[[ Input material, beginning ]]

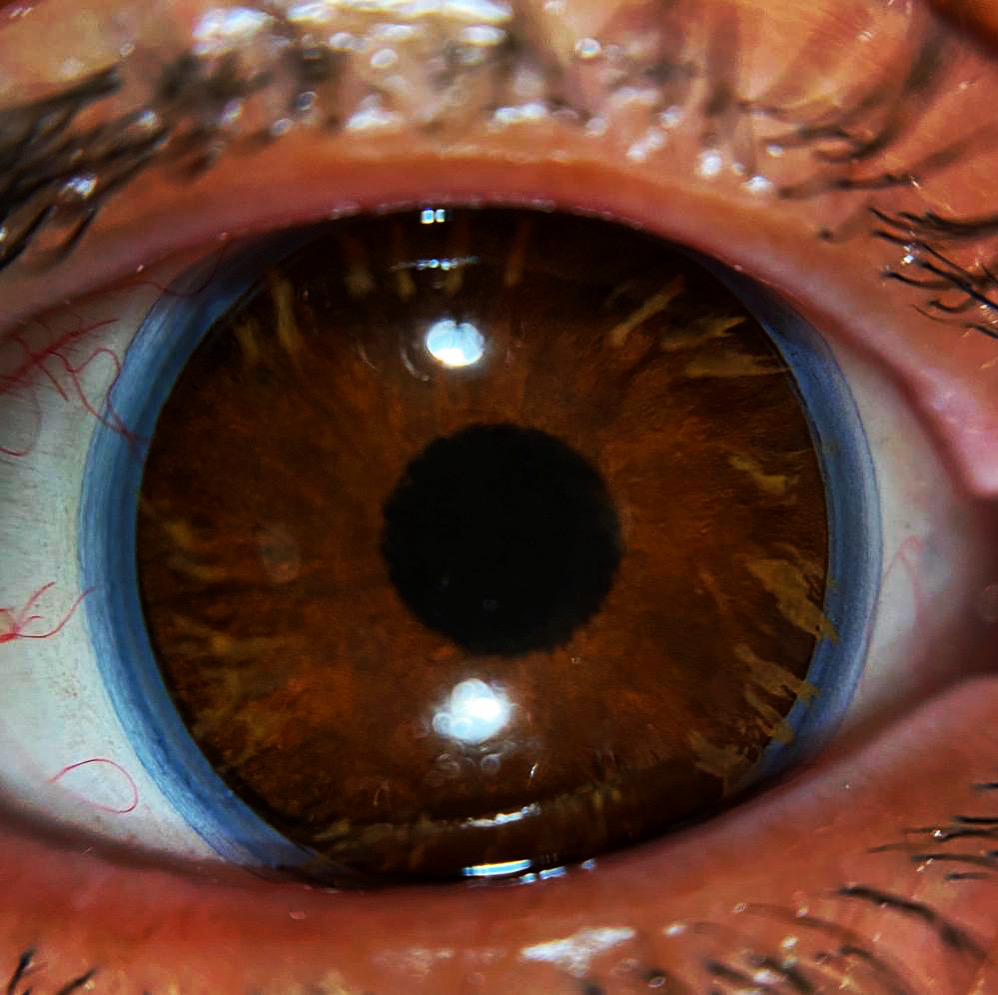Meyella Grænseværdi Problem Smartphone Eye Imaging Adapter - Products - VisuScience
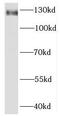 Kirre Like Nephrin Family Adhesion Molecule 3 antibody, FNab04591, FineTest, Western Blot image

[[ Input material, end ]]
[[ Input material, beginning ]]

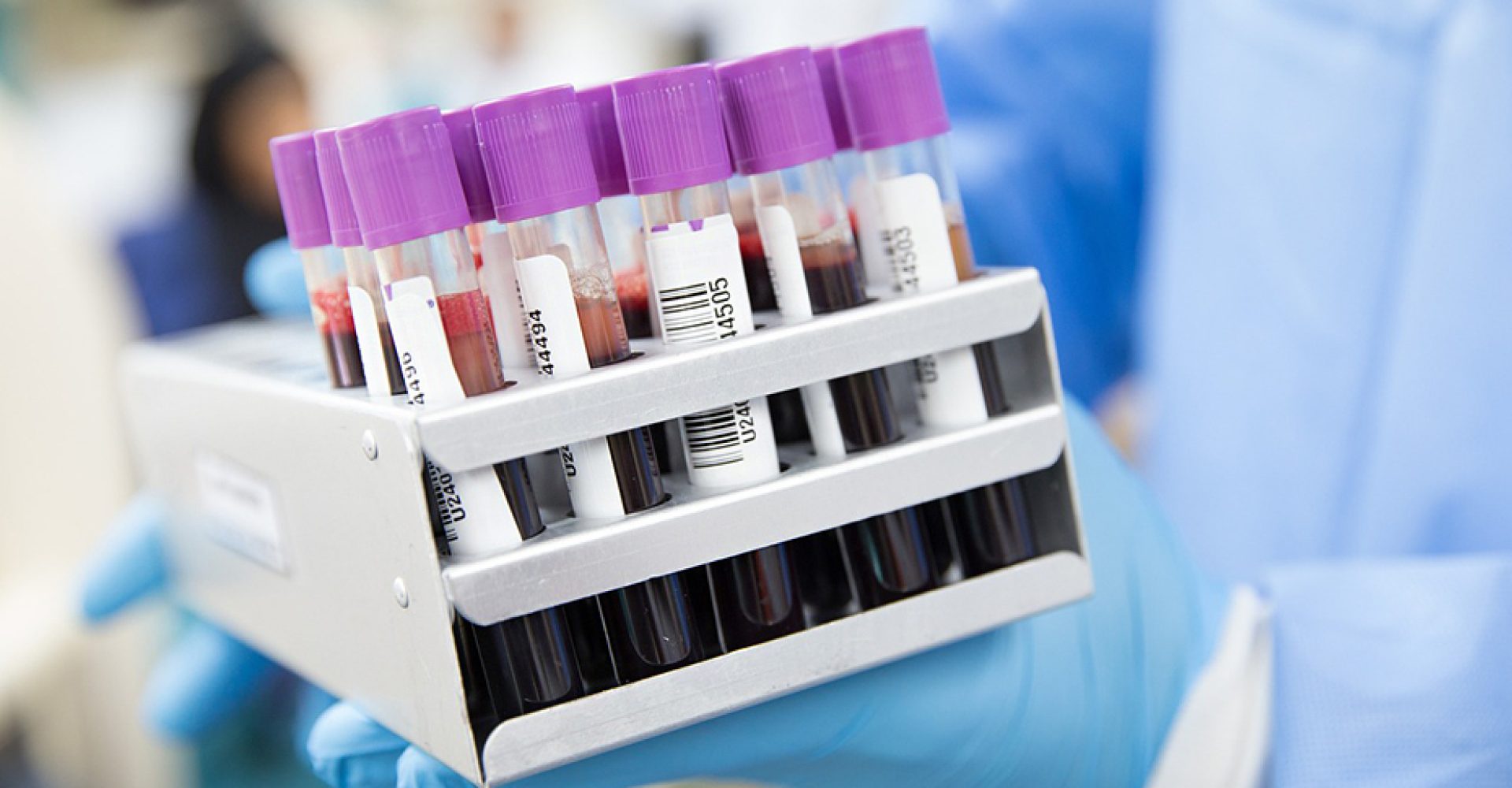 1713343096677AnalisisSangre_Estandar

[[ Input material, end ]]
[[ Input material, beginning ]]

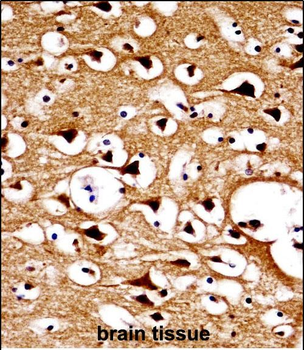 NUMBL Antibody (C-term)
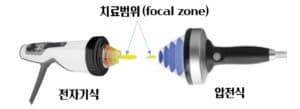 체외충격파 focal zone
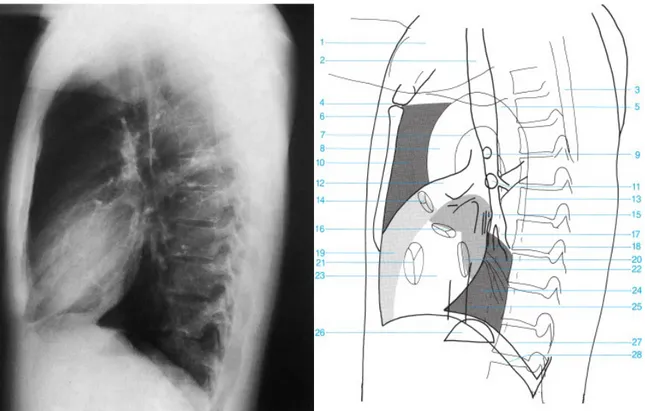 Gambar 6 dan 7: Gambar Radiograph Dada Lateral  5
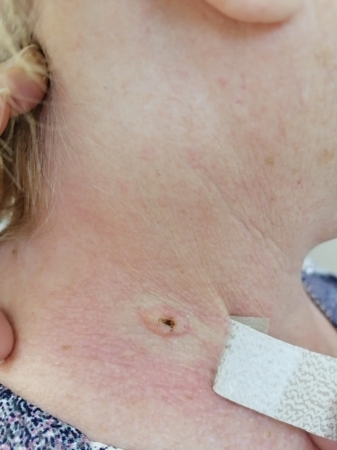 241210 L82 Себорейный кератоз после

[[ Input material, end ]]

Task item> The lines above starting at the one that holds "Gambar 6 dan" and ending at the one that holds "241210 L82 Себорейный кератоз после" are to be written out exactly, ends included, and no pictures are to be copied.

Problem solution>
 Gambar 6 dan 7: Gambar Radiograph Dada Lateral  5
 241210 L82 Себорейный кератоз после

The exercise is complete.